**Try it**
In full and without alteration, write out the data below.

**Given information**
****************

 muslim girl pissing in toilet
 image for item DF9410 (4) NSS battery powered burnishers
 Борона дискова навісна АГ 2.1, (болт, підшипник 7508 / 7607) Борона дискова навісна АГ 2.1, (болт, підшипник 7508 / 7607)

****************

**Answer section**
 muslim girl pissing in toilet
 image for item DF9410 (4) NSS battery powered burnishers
 Борона дискова навісна АГ 2.1, (болт, підшипник 7508 / 7607) Борона дискова навісна АГ 2.1, (болт, підшипник 7508 / 7607)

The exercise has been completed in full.